◆ Work instructions:
Where the records below reach the line containing "in Dhufar Buy", start transcribing, and end with the line containing "2nd image of", exactly and with nothing else added.

___ Supplied material ___

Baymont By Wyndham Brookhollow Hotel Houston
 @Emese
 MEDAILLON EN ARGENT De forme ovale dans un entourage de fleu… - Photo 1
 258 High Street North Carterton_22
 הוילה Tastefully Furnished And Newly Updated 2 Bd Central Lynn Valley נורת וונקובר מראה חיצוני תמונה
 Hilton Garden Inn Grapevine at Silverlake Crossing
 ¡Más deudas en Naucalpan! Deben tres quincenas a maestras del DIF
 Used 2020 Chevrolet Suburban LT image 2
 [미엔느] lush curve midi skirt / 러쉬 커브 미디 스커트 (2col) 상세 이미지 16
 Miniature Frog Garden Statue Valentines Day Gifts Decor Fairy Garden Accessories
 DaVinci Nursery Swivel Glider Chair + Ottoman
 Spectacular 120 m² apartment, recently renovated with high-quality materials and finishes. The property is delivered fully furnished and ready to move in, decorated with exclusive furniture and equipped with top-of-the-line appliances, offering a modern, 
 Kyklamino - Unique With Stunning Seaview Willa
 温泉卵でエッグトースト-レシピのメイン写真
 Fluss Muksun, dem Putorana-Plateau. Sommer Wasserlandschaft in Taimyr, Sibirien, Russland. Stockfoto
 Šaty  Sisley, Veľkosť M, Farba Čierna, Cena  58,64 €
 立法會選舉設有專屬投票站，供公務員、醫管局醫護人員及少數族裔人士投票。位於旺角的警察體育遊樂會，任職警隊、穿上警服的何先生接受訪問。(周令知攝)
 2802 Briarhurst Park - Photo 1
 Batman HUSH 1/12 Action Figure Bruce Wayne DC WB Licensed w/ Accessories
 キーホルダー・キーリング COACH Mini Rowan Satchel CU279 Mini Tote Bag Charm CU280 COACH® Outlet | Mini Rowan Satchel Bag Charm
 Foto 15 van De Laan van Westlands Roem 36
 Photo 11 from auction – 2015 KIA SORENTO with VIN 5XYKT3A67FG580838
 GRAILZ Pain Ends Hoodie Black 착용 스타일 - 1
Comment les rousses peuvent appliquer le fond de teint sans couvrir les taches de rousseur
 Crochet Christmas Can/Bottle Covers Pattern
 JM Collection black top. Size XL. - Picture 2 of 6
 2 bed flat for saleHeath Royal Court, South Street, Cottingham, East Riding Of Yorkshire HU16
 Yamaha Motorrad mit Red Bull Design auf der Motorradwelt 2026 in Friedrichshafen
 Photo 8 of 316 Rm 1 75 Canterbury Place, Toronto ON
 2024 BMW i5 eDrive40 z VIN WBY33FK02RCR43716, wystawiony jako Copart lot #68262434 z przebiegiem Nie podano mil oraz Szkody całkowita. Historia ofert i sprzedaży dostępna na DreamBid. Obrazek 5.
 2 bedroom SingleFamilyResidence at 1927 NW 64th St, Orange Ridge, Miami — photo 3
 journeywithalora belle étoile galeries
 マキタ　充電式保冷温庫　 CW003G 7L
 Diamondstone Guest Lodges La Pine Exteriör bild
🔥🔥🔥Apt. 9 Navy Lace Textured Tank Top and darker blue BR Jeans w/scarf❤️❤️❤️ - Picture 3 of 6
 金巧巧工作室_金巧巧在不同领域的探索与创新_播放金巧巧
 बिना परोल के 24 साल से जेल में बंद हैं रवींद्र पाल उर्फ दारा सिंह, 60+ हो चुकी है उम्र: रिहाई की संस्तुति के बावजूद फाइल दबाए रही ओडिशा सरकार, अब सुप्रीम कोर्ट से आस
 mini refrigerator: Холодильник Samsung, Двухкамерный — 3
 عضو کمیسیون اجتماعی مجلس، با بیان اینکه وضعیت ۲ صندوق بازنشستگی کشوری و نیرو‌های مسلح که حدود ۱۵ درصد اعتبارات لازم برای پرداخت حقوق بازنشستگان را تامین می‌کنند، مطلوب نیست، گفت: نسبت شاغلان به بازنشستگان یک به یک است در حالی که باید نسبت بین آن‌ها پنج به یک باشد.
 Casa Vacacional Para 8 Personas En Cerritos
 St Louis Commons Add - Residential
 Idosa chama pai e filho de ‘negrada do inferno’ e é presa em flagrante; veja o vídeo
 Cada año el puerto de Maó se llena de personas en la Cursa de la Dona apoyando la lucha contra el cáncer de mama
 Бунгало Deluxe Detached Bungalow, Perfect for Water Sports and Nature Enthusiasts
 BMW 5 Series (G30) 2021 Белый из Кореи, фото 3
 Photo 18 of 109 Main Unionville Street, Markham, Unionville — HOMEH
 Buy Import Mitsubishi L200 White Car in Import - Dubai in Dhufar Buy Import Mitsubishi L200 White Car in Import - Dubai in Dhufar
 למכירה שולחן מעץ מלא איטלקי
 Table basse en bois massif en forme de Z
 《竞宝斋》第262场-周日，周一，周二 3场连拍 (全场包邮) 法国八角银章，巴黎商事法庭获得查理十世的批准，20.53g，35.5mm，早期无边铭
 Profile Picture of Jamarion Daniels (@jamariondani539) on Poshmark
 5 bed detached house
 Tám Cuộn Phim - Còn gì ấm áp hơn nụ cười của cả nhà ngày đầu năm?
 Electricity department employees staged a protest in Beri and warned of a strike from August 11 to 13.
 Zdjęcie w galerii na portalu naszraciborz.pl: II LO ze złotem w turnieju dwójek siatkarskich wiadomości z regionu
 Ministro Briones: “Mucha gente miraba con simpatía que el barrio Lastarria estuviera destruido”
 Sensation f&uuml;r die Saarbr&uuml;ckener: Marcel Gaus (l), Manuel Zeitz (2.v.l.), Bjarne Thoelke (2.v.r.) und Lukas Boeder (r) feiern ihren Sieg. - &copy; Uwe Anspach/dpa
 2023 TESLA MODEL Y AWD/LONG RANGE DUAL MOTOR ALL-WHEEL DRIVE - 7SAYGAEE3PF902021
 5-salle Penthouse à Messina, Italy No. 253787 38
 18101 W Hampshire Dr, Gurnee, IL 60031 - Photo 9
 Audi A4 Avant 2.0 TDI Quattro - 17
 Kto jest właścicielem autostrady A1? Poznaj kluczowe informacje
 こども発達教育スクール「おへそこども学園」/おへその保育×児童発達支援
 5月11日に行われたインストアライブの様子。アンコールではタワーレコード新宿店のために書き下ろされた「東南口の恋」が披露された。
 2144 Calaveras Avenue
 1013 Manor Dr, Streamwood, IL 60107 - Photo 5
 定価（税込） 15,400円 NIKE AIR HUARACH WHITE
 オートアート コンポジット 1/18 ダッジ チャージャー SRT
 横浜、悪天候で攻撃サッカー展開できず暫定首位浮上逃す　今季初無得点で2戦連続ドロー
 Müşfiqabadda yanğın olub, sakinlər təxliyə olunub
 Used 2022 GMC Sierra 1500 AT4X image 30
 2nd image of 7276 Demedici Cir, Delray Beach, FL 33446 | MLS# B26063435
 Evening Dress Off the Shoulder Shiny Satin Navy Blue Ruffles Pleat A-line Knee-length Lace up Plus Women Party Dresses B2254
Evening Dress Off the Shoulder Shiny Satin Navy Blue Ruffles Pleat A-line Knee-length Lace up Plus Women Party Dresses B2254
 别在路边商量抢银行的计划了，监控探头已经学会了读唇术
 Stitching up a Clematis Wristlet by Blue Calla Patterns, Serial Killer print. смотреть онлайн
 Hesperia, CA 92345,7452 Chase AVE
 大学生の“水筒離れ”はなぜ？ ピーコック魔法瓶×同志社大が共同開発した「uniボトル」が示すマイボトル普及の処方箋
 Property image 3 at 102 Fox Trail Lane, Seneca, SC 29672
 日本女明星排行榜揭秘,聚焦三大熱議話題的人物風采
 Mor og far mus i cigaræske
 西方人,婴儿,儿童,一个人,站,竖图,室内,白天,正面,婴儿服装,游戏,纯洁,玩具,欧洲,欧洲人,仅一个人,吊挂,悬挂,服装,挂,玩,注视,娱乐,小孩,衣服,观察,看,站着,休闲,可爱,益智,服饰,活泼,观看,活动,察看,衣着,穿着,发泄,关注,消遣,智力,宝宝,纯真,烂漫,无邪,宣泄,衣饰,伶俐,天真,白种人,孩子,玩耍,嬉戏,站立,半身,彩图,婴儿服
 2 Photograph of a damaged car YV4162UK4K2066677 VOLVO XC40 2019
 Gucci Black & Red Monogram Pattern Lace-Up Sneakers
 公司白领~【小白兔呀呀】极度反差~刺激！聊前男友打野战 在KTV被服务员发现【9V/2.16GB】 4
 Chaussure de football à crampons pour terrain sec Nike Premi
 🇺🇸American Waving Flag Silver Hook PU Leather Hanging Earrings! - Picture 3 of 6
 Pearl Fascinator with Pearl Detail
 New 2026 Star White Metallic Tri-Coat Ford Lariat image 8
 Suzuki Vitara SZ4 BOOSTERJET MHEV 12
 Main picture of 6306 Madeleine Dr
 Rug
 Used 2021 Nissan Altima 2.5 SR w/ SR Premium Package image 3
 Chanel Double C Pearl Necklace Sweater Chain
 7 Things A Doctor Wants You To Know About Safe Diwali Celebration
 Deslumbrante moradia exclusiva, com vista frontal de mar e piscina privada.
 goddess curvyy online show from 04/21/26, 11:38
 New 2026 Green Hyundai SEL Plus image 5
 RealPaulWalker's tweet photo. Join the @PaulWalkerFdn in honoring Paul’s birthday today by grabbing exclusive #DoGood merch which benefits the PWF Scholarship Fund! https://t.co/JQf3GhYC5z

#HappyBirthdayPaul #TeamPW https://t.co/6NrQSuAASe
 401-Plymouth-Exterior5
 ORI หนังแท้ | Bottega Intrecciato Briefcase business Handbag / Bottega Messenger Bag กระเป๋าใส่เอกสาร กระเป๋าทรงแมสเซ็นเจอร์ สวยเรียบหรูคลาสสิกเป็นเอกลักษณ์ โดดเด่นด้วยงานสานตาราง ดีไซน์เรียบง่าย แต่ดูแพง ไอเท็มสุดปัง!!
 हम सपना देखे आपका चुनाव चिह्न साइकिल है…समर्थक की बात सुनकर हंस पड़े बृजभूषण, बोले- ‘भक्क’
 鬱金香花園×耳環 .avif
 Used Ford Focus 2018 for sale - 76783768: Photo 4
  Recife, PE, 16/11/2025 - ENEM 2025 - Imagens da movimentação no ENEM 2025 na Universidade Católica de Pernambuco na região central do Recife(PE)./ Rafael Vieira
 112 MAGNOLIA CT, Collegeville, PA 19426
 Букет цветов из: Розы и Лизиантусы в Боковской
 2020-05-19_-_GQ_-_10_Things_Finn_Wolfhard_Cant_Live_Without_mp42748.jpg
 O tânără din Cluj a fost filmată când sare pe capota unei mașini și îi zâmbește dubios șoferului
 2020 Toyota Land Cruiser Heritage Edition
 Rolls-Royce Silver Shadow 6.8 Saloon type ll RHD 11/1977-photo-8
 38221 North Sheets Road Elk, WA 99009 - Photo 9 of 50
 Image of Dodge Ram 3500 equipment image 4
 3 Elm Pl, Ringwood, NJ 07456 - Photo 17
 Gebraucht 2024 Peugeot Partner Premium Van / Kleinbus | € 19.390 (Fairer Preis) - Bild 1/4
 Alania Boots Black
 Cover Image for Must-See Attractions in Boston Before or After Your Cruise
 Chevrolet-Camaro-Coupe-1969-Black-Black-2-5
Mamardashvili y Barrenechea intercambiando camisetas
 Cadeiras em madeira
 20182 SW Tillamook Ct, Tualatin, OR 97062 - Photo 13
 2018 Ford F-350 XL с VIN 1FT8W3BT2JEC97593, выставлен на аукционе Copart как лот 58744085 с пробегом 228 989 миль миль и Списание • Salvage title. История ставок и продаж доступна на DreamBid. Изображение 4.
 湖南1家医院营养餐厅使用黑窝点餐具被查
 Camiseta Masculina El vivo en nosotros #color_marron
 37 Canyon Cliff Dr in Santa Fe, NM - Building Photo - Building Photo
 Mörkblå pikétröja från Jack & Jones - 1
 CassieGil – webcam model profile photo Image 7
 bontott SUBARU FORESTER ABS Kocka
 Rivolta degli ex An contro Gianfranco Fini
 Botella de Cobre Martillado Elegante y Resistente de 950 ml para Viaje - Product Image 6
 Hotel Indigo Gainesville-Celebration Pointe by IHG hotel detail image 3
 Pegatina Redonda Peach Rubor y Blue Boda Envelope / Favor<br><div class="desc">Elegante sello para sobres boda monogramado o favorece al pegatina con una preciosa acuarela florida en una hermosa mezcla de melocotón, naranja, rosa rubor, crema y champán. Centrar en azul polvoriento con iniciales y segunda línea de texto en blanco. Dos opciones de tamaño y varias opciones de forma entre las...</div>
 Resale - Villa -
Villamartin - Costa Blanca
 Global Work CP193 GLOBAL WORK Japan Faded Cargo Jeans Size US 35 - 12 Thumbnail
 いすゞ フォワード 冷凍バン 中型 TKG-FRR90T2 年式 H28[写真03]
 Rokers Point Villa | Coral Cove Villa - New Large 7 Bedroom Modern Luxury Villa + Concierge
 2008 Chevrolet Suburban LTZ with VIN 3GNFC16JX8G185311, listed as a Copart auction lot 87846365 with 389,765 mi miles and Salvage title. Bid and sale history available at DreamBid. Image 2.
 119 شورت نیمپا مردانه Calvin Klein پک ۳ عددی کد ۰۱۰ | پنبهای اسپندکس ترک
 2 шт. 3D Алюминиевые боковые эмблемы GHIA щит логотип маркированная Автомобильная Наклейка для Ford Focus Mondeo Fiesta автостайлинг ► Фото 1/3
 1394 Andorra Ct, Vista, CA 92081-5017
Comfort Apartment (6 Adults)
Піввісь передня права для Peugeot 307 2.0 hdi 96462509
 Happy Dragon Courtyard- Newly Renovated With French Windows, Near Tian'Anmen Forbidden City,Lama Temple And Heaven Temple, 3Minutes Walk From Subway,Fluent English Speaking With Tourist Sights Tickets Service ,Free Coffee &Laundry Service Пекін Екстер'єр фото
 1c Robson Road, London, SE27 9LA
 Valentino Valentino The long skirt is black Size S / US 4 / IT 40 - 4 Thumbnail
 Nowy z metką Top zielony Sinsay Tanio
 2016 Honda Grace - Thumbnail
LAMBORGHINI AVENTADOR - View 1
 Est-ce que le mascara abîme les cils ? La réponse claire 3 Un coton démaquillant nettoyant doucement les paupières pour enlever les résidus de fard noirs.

___

◆ Task solution:
 Buy Import Mitsubishi L200 White Car in Import - Dubai in Dhufar Buy Import Mitsubishi L200 White Car in Import - Dubai in Dhufar
 למכירה שולחן מעץ מלא איטלקי
 Table basse en bois massif en forme de Z
 《竞宝斋》第262场-周日，周一，周二 3场连拍 (全场包邮) 法国八角银章，巴黎商事法庭获得查理十世的批准，20.53g，35.5mm，早期无边铭
 Profile Picture of Jamarion Daniels (@jamariondani539) on Poshmark
 5 bed detached house
 Tám Cuộn Phim - Còn gì ấm áp hơn nụ cười của cả nhà ngày đầu năm?
 Electricity department employees staged a protest in Beri and warned of a strike from August 11 to 13.
 Zdjęcie w galerii na portalu naszraciborz.pl: II LO ze złotem w turnieju dwójek siatkarskich wiadomości z regionu
 Ministro Briones: “Mucha gente miraba con simpatía que el barrio Lastarria estuviera destruido”
 Sensation f&uuml;r die Saarbr&uuml;ckener: Marcel Gaus (l), Manuel Zeitz (2.v.l.), Bjarne Thoelke (2.v.r.) und Lukas Boeder (r) feiern ihren Sieg. - &copy; Uwe Anspach/dpa
 2023 TESLA MODEL Y AWD/LONG RANGE DUAL MOTOR ALL-WHEEL DRIVE - 7SAYGAEE3PF902021
 5-salle Penthouse à Messina, Italy No. 253787 38
 18101 W Hampshire Dr, Gurnee, IL 60031 - Photo 9
 Audi A4 Avant 2.0 TDI Quattro - 17
 Kto jest właścicielem autostrady A1? Poznaj kluczowe informacje
 こども発達教育スクール「おへそこども学園」/おへその保育×児童発達支援
 5月11日に行われたインストアライブの様子。アンコールではタワーレコード新宿店のために書き下ろされた「東南口の恋」が披露された。
 2144 Calaveras Avenue
 1013 Manor Dr, Streamwood, IL 60107 - Photo 5
 定価（税込） 15,400円 NIKE AIR HUARACH WHITE
 オートアート コンポジット 1/18 ダッジ チャージャー SRT
 横浜、悪天候で攻撃サッカー展開できず暫定首位浮上逃す　今季初無得点で2戦連続ドロー
 Müşfiqabadda yanğın olub, sakinlər təxliyə olunub
 Used 2022 GMC Sierra 1500 AT4X image 30
 2nd image of 7276 Demedici Cir, Delray Beach, FL 33446 | MLS# B26063435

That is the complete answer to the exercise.